Os mesmos que fazem beicinho e birra contra a seleção são os que torcem para clubes de futebol que foram beneficiados com patrocínios esquisitos de empresas de petróleo ou bancos públicos; são os mesmos que torcem para times beneficiados com estádios que caíram no colo com construção movidas a propinas de empreiteiras; são os mesmos que apoiam e briga por times sustentados por empresas "oficiais" de agiotagem. Curioso que nada disso choca os torcedores (ou não) que vilipendiam a camisa amarela.
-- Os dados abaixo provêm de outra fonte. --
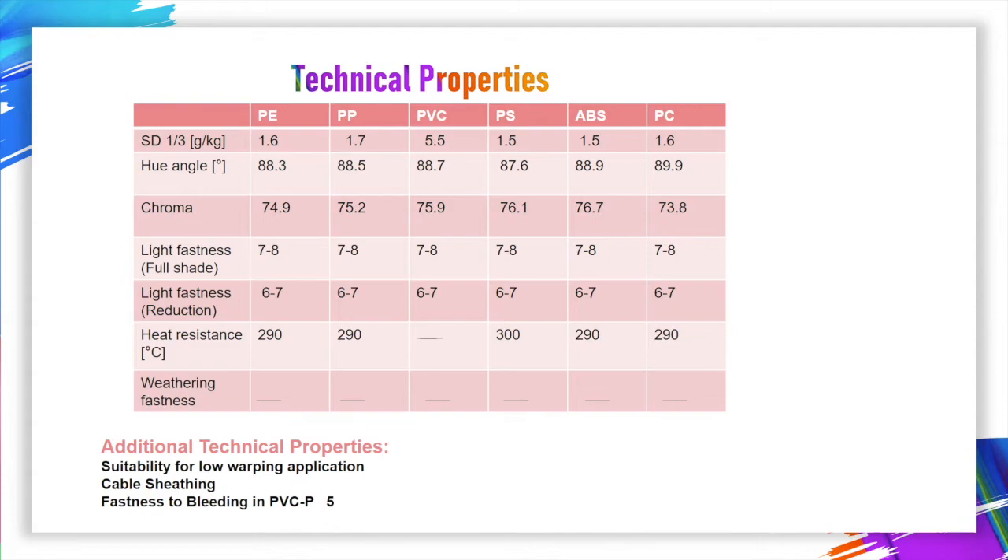Cable sheathing is also a supported application. Fastness to bleeding in PVC-2P is 5.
Hipocrisia generalizada e falta de vergonha pelos casos de corrupção ainda mais graves que surgiram com a deposição de Dilma Rousseff são artigos de sobra em um ambiente tóxico e deteriorado como é o da sociedade brasileira – a mesma que faz questão de ignorar problemas gravíssimos urgentes, como a falta de moradia e as perigosas ocupações de prédios abandonados. 
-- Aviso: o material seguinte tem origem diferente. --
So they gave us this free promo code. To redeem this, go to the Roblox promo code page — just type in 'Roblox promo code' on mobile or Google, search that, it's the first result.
Para os incapazes de separar as coisas e entender que ainda há paixão dentro dos gramados, só resta lamentar a pobreza de espírito e a falta de respeito por duas instituições que são reverenciadas no mundo inteiro.

A camisa amarela e a seleção brasileira são muito maiores e muito mais importantes do que as hidrofobia política que domina o país. Certamente muitos dos "do contra" repetirão os chamados "terroristas" que lutavam contra a ditadura militar e que abominavam a "paixão" do torcedor pela seleção, o que consideravam uma "grosseira manipulação" da população.
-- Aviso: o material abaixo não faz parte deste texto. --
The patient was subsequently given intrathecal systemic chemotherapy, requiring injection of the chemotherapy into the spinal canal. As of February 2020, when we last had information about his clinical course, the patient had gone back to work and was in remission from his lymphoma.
Só que bastou o Brasil empatar o jogo na abertura da Copa de 1970, contra a Checoslováquia, para abandonassem todas as suas convicções e passassem a torcer loucamente por Pelé, Gérson, Rivellino, Tostão e os outros, como ficamos sabendo por meio de relatos dos "terroristas" anos depois. E o Brasil ganhou aquele jogo por 4 a 1. Exemplo de superação e de separação das coisas – mesmo nos anos de chumbo, uma coisa era uma coisa e outra coisa era outra coisa? Por que não?

Esqueça a marra de Neymar, a arrogância de Daniel Alves, a falta de empatia de caras como Philippe Coutinho, Paquetá, Gabriel Jesus e Firmino com a torcida brasileira. Tente deixar para trás a tragédia do Mineirão 7 a 1. 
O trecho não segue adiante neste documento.